The new altar and presidential chair

The Chapel is used by the Bishop and others for regular acts of worship and prayer.

Visitors are welcome to take time for reflection here, and candles mark the prayers of pilgrims and other guests to this sacred place.

This simple graceful building with roof bosses of naturalistic foliage is dedicated to the Holy Trinity and St. Mark. It was built by Bishop Robert Burnell at around the same time as the adjoining Great Hall in the late-thirteenth century.

The windows are surprisingly large for the period and the tracery in them is an exceptionally fine example of the Early English style.

The Chapel was restored by Bishop George Henry Law in the nineteenth century. In the windows he used fragments of French medieval glass from churches in the Rouen area, which were destroyed in the revolutionary era.

The benches are early-twentieth century and were carved by craftsmen from a number of parishes within the diocese.

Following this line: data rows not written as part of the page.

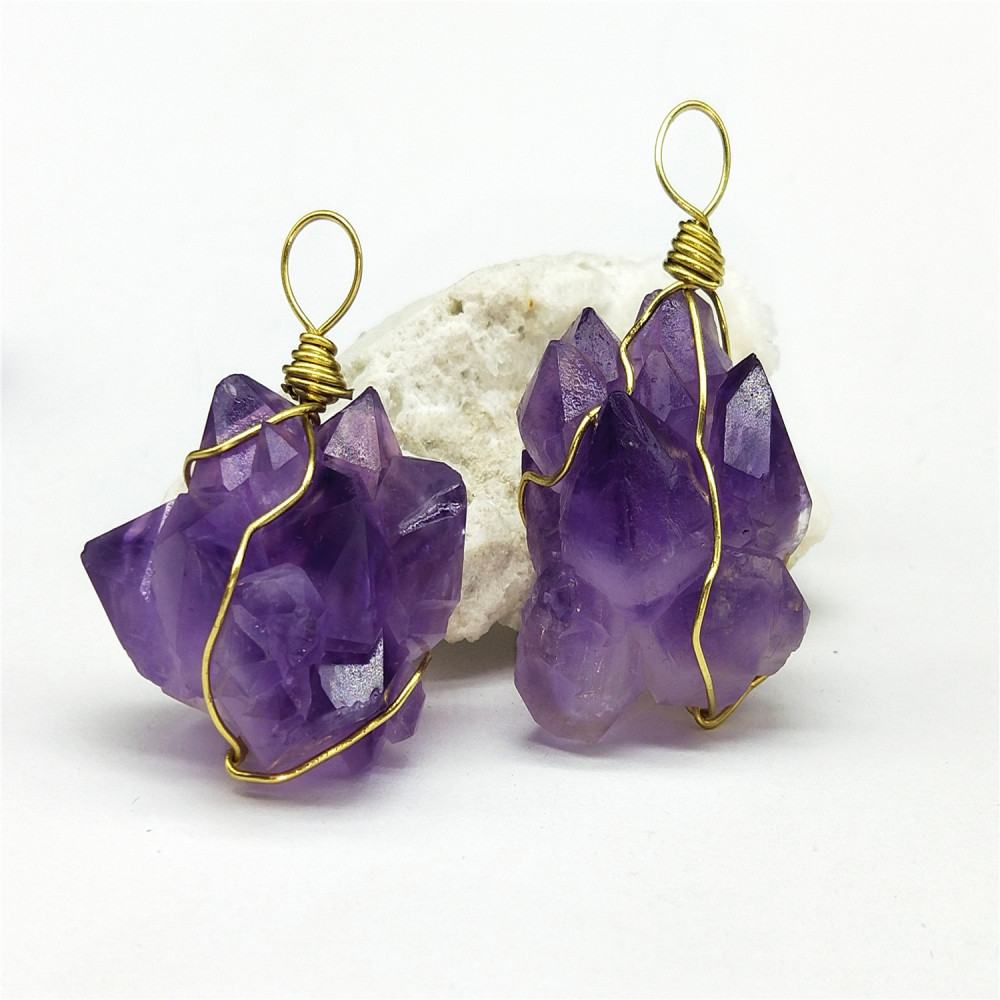 Amethyst pendant with crystal flower design, natural Amethyst cluster pendant necklace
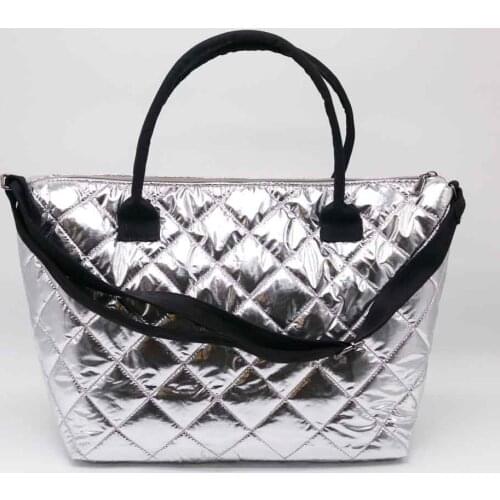 Luxury Down Jacket Fabric Space Bags for Women Handbags and Purses Soft Large Shoulder Shopper Bag Silver Purse Winter Tote 2021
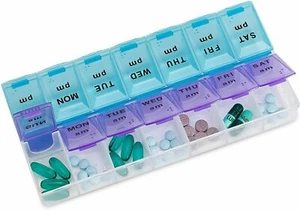 Pill Box Case Dispenser BUY 2 GET 1 FREE XL 14 Slot Medicine Organiser HOLDER, - Picture 1 of 4
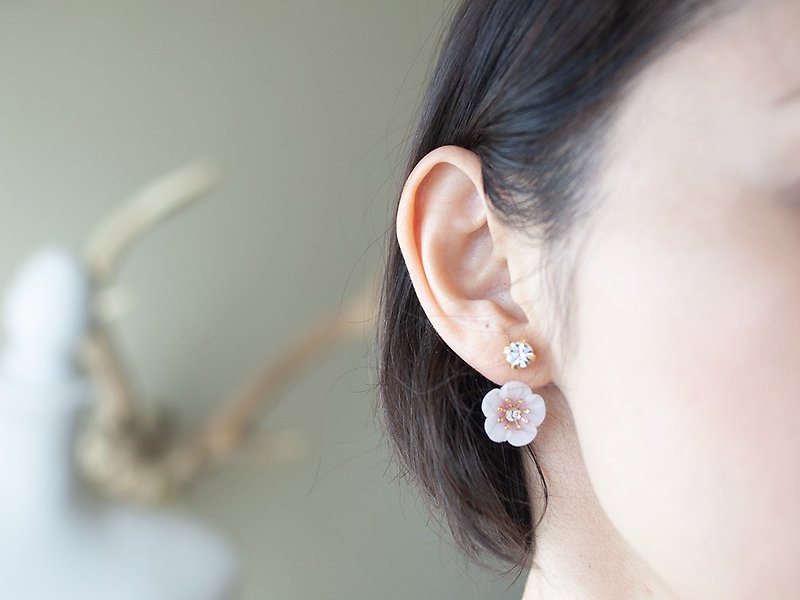 Plum flower back catch earrings - Earrings & Clip-ons - Clay Pink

The Chapel was re-ordered in 2006. The sanctuary area was enlarged by the removal of a step. The new altar, made of maple and stone, was designed by David John. The altar was made by Richard Richardson. The altar stands above engraved stone work by John Rowlands Pritchard, with the text, ‘God was in Christ reconciling the world to himself; and has given us the ministry of reconciliation’.

The Celtic wooden pattern that holds the legs of the altar together symbolises reconciliation.